Vegan stroganoff for a hearty dinner on Meatless Monday
Everyone reaches a point during the holiday season when the thought of one more bite of holiday food makes you feel like never eating again. You'll get over it -- we promise -- but in the meantime, there are plenty of other comfort foods that can fill you up without conjuring up visions of sugarplums. This vegan stroganoff is one of them; adapted from Vegan With a Vengeance, the recipe uses red onions instead of shallots, our homemade mock chicken stock and seitan from Denver Seitan Company (you can also make your own seitan, but Denver Seitan's is better than anything we've been able to do at home). And if you eat eggs, feel free to use egg noodles instead of the linguine we chose.
You will need:
2 cups vegetable stock (make your own for best results) 2 tablespoons arrowroot powder 8 teaspoons olive oil 1 medium red onion 1 large white onion 4 cloves garlic 2 cups cremini mushrooms 2 portobello caps 2 teaspoons dried thyme 2 packages Denver Seitan Company seitan (or 3 1/2 cups homemade seitan) 2 teaspoons salt 1 cup pinot grigio or other similar red wine 1 tablespoon paprika 1/2 cup nutritional yeast flakes 1/2 cup non-diary milk -- we used plain hemp milk; soy milk (unflavored) would be another good option 2 teaspoons dijon mustard 1 cup frozen green peas 1/2 pound linguine
1. Put the arrowroot powder in the vegetable broth and stir well to dissolve.
2. Chop the onions.
Add the onions and cook for about five minutes, until they're starting to soften.
While the onions are cooking, rinse the mushrooms.
Thinly slice the mushrooms (and peel the garlic, too).
By now, the onions should be perfect.
Add the mushrooms and saute for about fifteen minutes, until they're nice and soft.
3. Meanwhile, slice the seitan into thin strips; heat the rest of the olive oil in a large cast-iron skillet and add the seitan.
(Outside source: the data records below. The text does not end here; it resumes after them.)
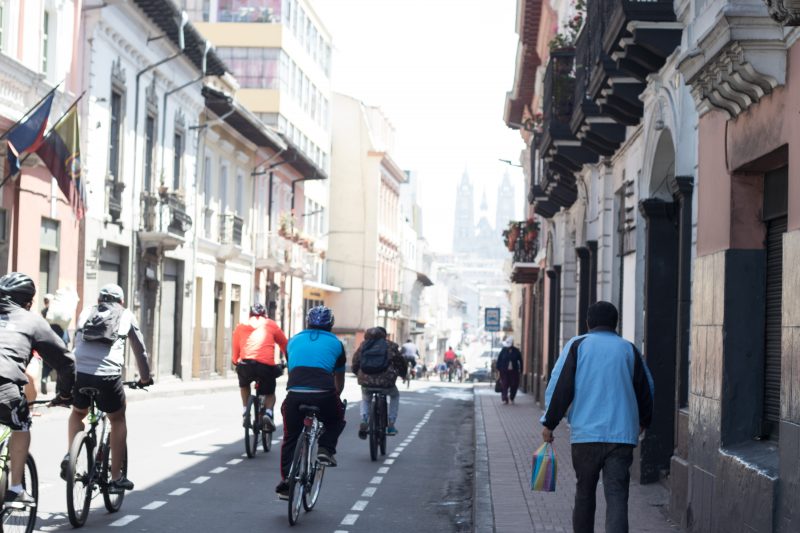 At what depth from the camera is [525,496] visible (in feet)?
41.4

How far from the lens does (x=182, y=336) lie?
36906mm

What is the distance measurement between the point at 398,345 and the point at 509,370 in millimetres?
11515

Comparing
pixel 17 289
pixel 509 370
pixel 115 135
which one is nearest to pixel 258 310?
pixel 17 289

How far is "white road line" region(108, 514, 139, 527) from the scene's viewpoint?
10422 mm

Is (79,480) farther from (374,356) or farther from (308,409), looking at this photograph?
(374,356)

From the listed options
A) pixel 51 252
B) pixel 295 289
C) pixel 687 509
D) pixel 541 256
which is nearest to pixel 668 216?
pixel 687 509

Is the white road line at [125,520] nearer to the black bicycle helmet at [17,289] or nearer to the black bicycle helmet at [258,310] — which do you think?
the black bicycle helmet at [17,289]

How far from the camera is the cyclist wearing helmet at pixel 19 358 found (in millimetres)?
8125

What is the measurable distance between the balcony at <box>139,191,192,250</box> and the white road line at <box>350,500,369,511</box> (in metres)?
20.5

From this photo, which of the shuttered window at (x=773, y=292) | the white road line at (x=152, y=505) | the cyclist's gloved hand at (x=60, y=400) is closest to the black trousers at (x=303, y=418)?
the white road line at (x=152, y=505)

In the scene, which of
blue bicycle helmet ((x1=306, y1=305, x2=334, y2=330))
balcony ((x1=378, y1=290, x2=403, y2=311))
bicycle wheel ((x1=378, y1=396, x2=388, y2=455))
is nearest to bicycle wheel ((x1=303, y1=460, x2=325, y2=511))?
blue bicycle helmet ((x1=306, y1=305, x2=334, y2=330))

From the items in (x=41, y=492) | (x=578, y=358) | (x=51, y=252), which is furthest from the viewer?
(x=51, y=252)

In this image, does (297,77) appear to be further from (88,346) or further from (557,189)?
(88,346)

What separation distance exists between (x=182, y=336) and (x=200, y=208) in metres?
3.94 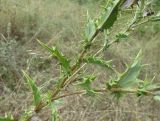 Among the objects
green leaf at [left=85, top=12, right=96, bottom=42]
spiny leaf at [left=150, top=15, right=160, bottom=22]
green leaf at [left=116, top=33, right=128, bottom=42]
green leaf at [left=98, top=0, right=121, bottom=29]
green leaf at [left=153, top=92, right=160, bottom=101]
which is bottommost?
green leaf at [left=153, top=92, right=160, bottom=101]

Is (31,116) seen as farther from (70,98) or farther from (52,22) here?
(52,22)

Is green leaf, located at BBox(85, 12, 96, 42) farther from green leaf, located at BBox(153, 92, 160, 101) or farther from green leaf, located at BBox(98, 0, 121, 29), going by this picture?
green leaf, located at BBox(153, 92, 160, 101)

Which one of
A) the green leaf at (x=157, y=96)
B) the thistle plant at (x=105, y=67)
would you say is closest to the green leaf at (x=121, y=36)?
the thistle plant at (x=105, y=67)

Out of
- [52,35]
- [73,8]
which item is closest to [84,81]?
[52,35]

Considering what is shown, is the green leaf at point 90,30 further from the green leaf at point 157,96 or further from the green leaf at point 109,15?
the green leaf at point 157,96

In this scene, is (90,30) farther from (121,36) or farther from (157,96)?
(157,96)

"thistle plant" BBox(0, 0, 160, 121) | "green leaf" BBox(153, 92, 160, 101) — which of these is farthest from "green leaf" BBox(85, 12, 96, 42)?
"green leaf" BBox(153, 92, 160, 101)

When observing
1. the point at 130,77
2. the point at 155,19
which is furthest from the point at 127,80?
the point at 155,19

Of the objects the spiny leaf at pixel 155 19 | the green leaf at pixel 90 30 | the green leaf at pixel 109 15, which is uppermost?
the green leaf at pixel 109 15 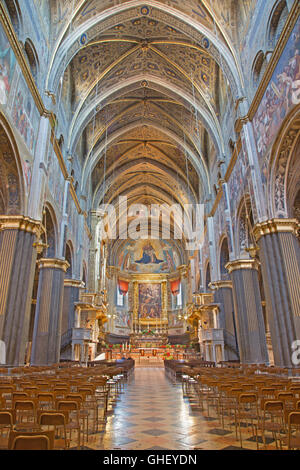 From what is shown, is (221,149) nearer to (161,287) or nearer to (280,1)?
(280,1)

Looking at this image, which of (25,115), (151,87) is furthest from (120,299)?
(25,115)

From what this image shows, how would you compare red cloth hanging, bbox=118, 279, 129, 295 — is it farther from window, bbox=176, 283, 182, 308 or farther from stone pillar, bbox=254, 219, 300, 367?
stone pillar, bbox=254, 219, 300, 367

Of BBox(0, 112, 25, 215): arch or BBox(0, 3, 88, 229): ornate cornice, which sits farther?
BBox(0, 112, 25, 215): arch

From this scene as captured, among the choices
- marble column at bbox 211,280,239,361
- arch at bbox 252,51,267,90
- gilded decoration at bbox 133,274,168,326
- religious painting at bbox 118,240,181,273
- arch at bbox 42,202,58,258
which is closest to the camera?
arch at bbox 252,51,267,90

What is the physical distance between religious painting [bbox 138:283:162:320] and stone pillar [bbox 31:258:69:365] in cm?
2804

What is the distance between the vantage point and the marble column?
18984 millimetres

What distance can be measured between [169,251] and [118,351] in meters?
20.0

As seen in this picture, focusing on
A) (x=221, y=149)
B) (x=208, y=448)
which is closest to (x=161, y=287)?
(x=221, y=149)

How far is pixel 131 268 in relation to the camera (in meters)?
45.0

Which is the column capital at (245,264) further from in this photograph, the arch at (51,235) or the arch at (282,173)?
the arch at (51,235)

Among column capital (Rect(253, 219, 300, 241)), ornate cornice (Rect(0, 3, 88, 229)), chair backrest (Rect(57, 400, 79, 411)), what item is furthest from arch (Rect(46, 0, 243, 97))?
chair backrest (Rect(57, 400, 79, 411))

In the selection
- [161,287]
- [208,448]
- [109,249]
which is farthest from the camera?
[161,287]

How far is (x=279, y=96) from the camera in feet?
35.2

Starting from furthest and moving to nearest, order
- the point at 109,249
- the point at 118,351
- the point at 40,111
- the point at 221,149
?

Cook for about ten minutes or so, until it's browned and crispy.
4. When the mushrooms are soft, add the red wine to the sauce mixture.
Add the paprika and salt.
Is your seitan browned yet? If so, turn off the heat -- and now would be a good time to start boiling water for the pasta.
5. Turn down the heat on the sauce to medium and add the broth-arrowroot mixture.
Stir everything together well and let the sauce thicken -- the arrowroot will help that happen pretty quickly, in about five minutes.
6. Add the nutritional yeast flakes.
7. Turn the heat down to medium-low and add the hemp milk...
...and the mustard -- and if your water is boiling, start cooking the pasta according to the package directions. Stir your sauce, and make sure it doesn't boil after this point or the milk and mustard might taste funny in the stroganoff.
Add the seitan.
And add the frozen peas; stir everything together and cook for another ten minutes, until everything is warm and combined.
8. When your pasta is cooked, drain it.
Ladle the pasta onto plates or into bowls and top with the sauce. Serve immediately! This recipe will feed about six hungry adults.